Task description | I would like you to print all the records below exactly as they are.

[[ Exercise data, beginning ]]

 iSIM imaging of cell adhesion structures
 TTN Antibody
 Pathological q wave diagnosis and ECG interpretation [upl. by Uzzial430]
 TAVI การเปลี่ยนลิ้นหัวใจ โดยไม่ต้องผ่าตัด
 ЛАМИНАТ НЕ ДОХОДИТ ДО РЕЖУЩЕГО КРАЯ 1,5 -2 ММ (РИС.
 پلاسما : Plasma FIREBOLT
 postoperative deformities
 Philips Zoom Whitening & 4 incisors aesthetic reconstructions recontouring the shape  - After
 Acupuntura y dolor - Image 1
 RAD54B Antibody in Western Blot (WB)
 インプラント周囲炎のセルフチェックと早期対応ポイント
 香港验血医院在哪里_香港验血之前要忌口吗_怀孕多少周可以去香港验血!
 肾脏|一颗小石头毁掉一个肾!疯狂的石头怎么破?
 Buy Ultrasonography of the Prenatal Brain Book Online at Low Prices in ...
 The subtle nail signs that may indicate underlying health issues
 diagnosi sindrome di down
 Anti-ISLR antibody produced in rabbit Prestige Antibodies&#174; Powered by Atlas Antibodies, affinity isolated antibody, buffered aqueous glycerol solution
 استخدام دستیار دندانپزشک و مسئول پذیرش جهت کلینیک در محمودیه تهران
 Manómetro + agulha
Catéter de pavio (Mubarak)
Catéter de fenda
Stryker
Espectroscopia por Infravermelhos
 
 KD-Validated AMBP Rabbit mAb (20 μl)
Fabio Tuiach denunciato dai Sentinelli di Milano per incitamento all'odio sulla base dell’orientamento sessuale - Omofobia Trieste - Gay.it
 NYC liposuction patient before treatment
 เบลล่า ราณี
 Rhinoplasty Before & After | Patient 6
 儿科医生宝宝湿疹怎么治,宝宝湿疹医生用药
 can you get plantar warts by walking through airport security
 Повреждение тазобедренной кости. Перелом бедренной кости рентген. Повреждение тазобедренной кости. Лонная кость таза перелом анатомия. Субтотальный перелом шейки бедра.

[[ Exercise data, end ]]

Result |
 iSIM imaging of cell adhesion structures
 TTN Antibody
 Pathological q wave diagnosis and ECG interpretation [upl. by Uzzial430]
 TAVI การเปลี่ยนลิ้นหัวใจ โดยไม่ต้องผ่าตัด
 ЛАМИНАТ НЕ ДОХОДИТ ДО РЕЖУЩЕГО КРАЯ 1,5 -2 ММ (РИС.
 پلاسما : Plasma FIREBOLT
 postoperative deformities
 Philips Zoom Whitening & 4 incisors aesthetic reconstructions recontouring the shape  - After
 Acupuntura y dolor - Image 1
 RAD54B Antibody in Western Blot (WB)
 インプラント周囲炎のセルフチェックと早期対応ポイント
 香港验血医院在哪里_香港验血之前要忌口吗_怀孕多少周可以去香港验血!
 肾脏|一颗小石头毁掉一个肾!疯狂的石头怎么破?
 Buy Ultrasonography of the Prenatal Brain Book Online at Low Prices in ...
 The subtle nail signs that may indicate underlying health issues
 diagnosi sindrome di down
 Anti-ISLR antibody produced in rabbit Prestige Antibodies&#174; Powered by Atlas Antibodies, affinity isolated antibody, buffered aqueous glycerol solution
 استخدام دستیار دندانپزشک و مسئول پذیرش جهت کلینیک در محمودیه تهران
 Manómetro + agulha
Catéter de pavio (Mubarak)
Catéter de fenda
Stryker
Espectroscopia por Infravermelhos
 
 KD-Validated AMBP Rabbit mAb (20 μl)
Fabio Tuiach denunciato dai Sentinelli di Milano per incitamento all'odio sulla base dell’orientamento sessuale - Omofobia Trieste - Gay.it
 NYC liposuction patient before treatment
 เบลล่า ราณี
 Rhinoplasty Before & After | Patient 6
 儿科医生宝宝湿疹怎么治,宝宝湿疹医生用药
 can you get plantar warts by walking through airport security
 Повреждение тазобедренной кости. Перелом бедренной кости рентген. Повреждение тазобедренной кости. Лонная кость таза перелом анатомия. Субтотальный перелом шейки бедра.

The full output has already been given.